::: GIVEN ENTRIES
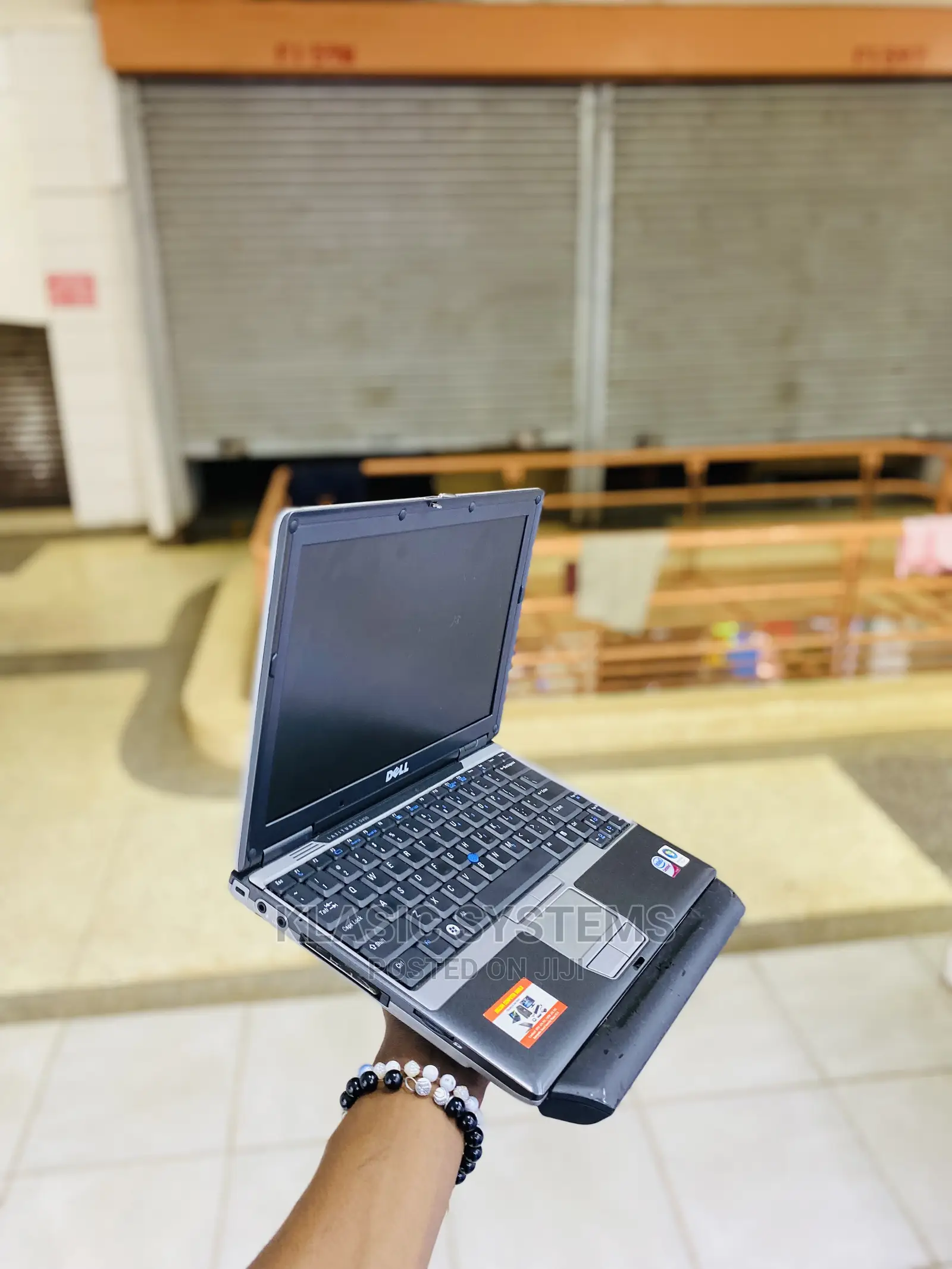Laptop Dell Latitude D610 2GB Intel Core 2 Duo HDD 160GB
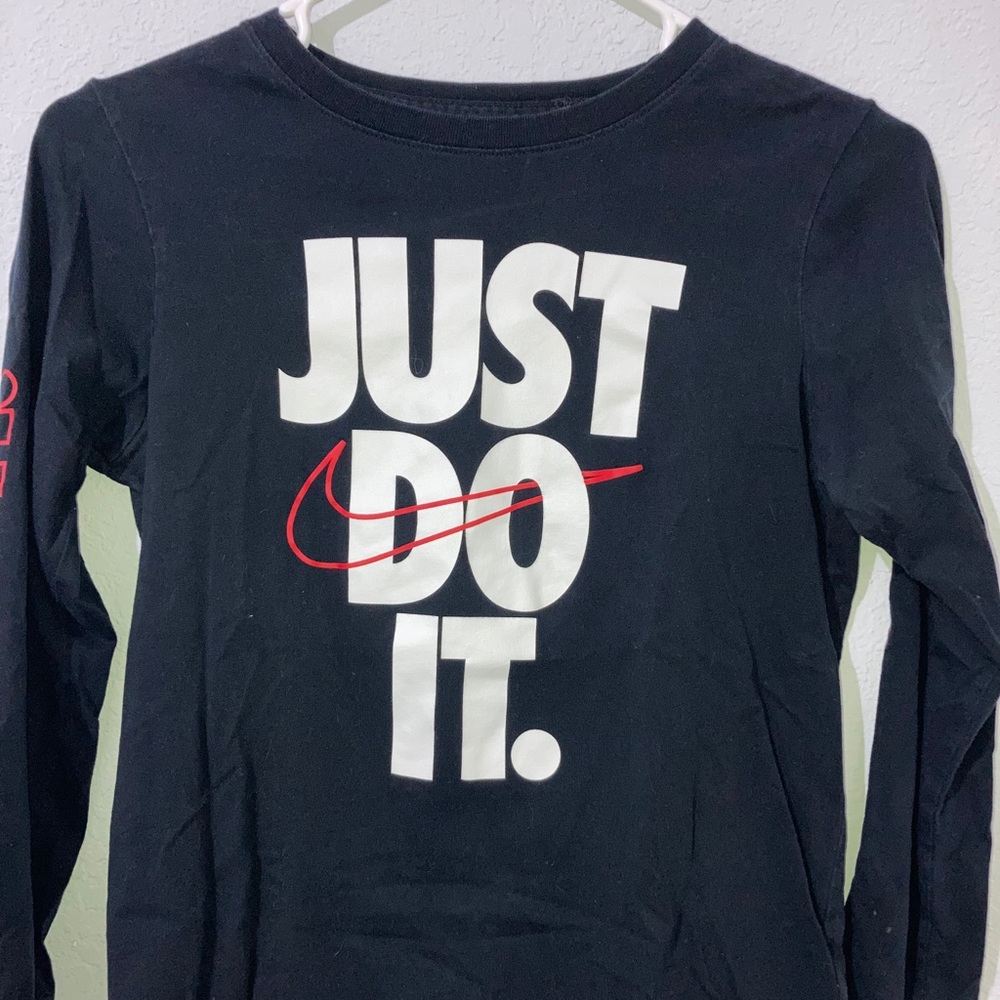 Nike top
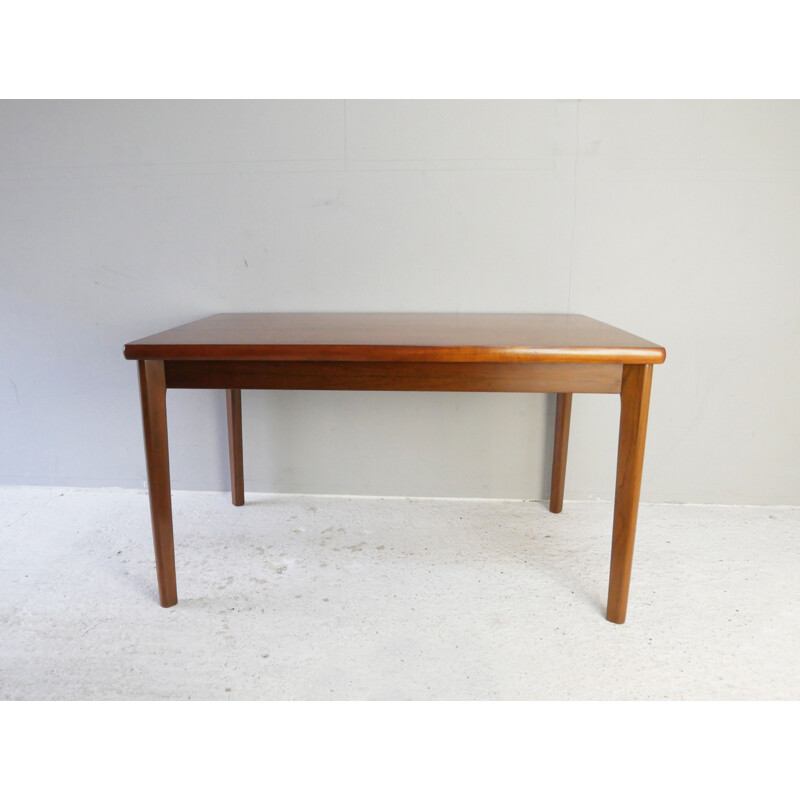 Mid century modern Danish extending draw leaf dining table by AM Mobler, 1960s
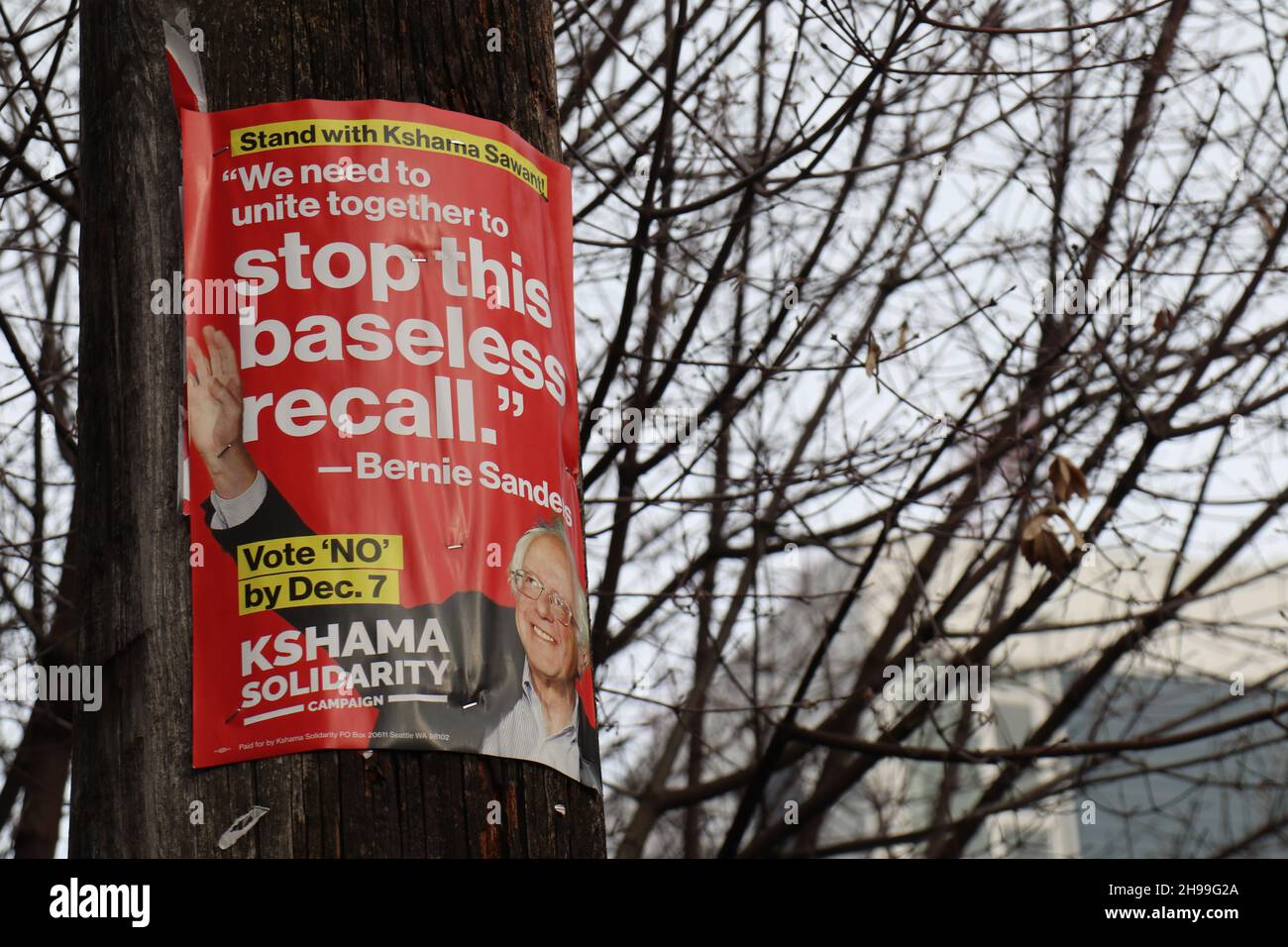 Un panneau opposé au rappel de Kshama Sawant, membre du conseil municipal de Seattle, est photographié à Seattle en décembre 2021.Bernie Sanders apparaît sur le panneau. Banque D'Images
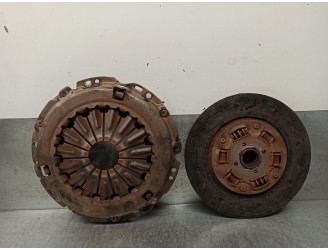 Replacement clutch kit for Toyota Corolla (E12) 2.0 turbodiesel cat OEM IAM reference 3121012240 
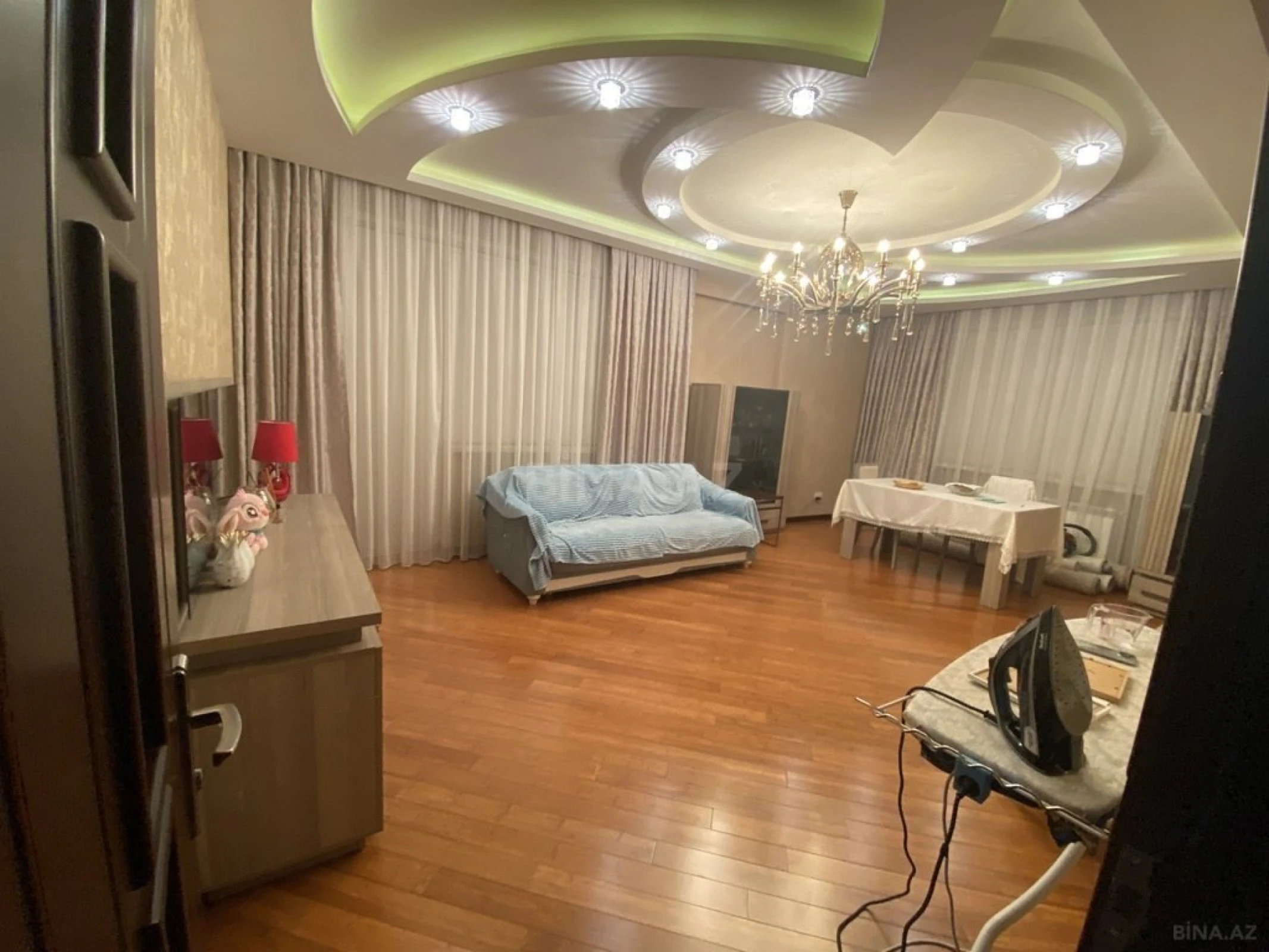 Satılır 3 otaqlı mənzil 115 m²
::::::
▶ _DIRECTIONS_: Your copy should match every record exactly and contain no pictures.

▶ _RESPONSE TO THIS TASK_:
Laptop Dell Latitude D610 2GB Intel Core 2 Duo HDD 160GB
 Nike top
 Mid century modern Danish extending draw leaf dining table by AM Mobler, 1960s
 Un panneau opposé au rappel de Kshama Sawant, membre du conseil municipal de Seattle, est photographié à Seattle en décembre 2021.Bernie Sanders apparaît sur le panneau. Banque D'Images
 Replacement clutch kit for Toyota Corolla (E12) 2.0 turbodiesel cat OEM IAM reference 3121012240 
 Satılır 3 otaqlı mənzil 115 m²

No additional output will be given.